[Opening MATERIAL PROVIDED section]

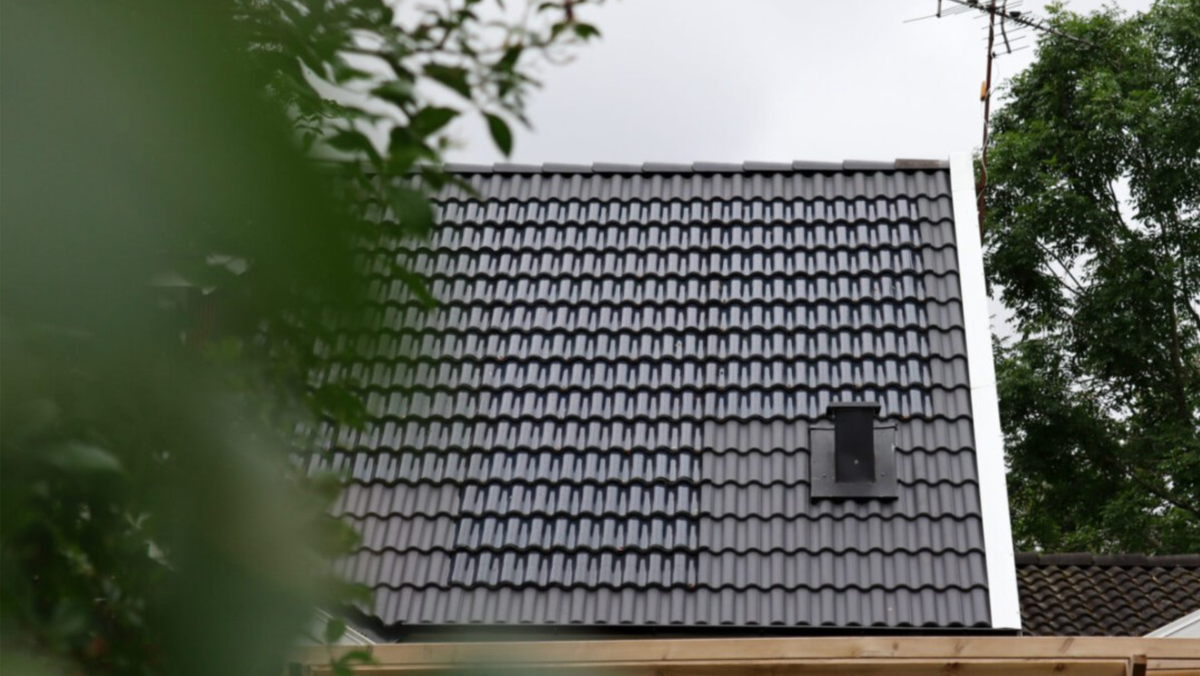 Integrated Solar Roof Solution: Midsummer & Soprasolar Collaboration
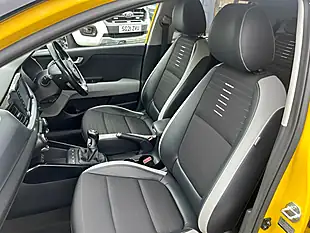 Used 2017 Kia Stonic First Edition Yellow - Interior and Exterior details 13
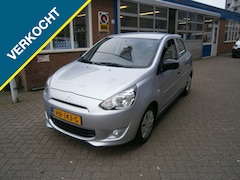Mitsubishi Space Star - 1.0 Entry Navi, airco etc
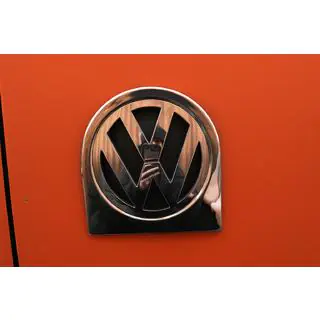 Cornice logo posteriore (acciaio inox) foto 1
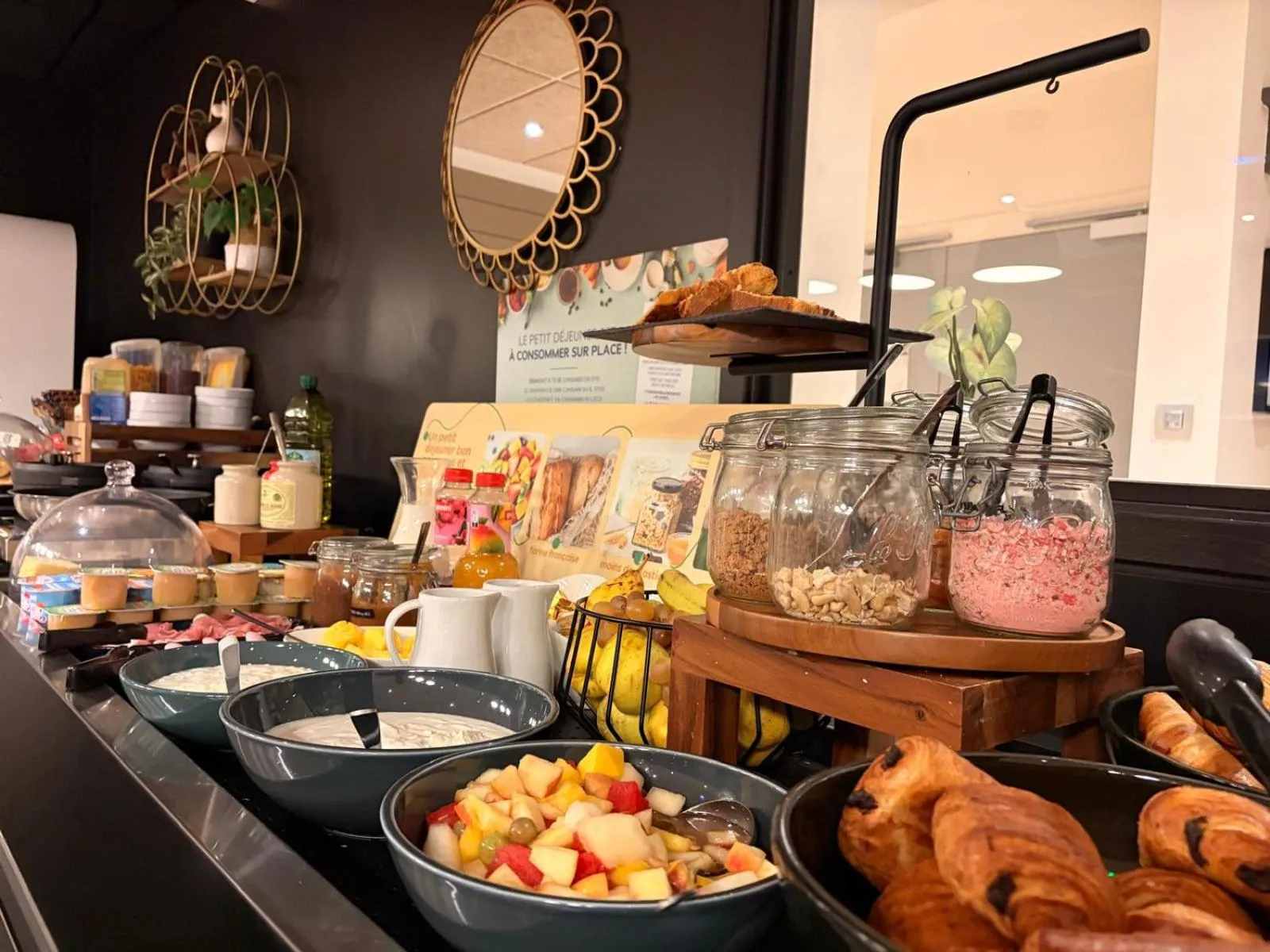 Breakfast in Campanile Annemasse Gare– Genève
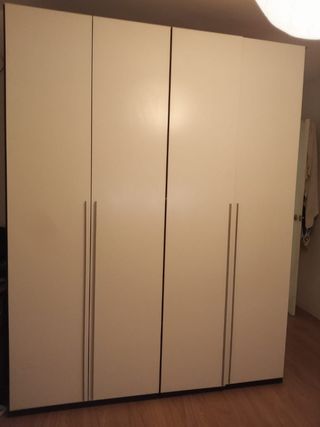 Armario blanco y wengue de madera - 4 puerta.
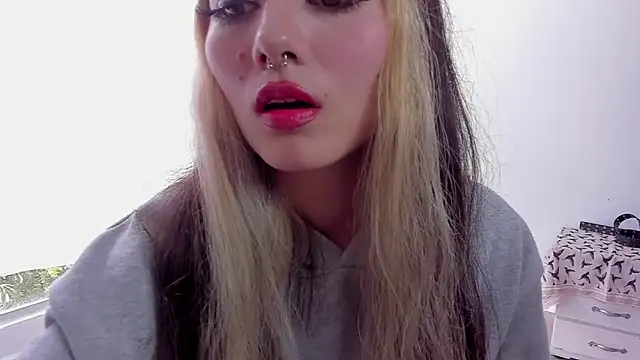 Snapshot of Sakito_Tokio chatting on February 2026 09:41:01 PM Sakito Tokio online show from February 2026 09:41:01 PM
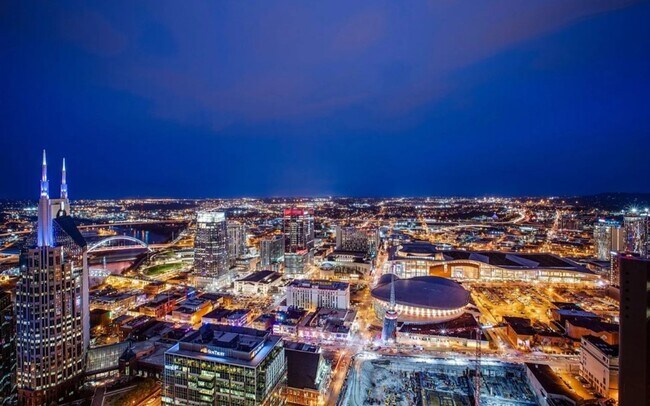 Foto del edificio - Highrise Condo in the Heart of Music City!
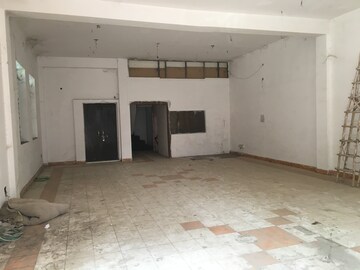 Room in  Office Space at Sector 63 – for Rent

[Closing MATERIAL PROVIDED section]

Exactly as they stand, retype all the entries, but omit the pictures.

 Integrated Solar Roof Solution: Midsummer & Soprasolar Collaboration
 Used 2017 Kia Stonic First Edition Yellow - Interior and Exterior details 13
Mitsubishi Space Star - 1.0 Entry Navi, airco etc
 Cornice logo posteriore (acciaio inox) foto 1
 Breakfast in Campanile Annemasse Gare– Genève
 Armario blanco y wengue de madera - 4 puerta.
 Snapshot of Sakito_Tokio chatting on February 2026 09:41:01 PM Sakito Tokio online show from February 2026 09:41:01 PM
 Foto del edificio - Highrise Condo in the Heart of Music City!
 Room in  Office Space at Sector 63 – for Rent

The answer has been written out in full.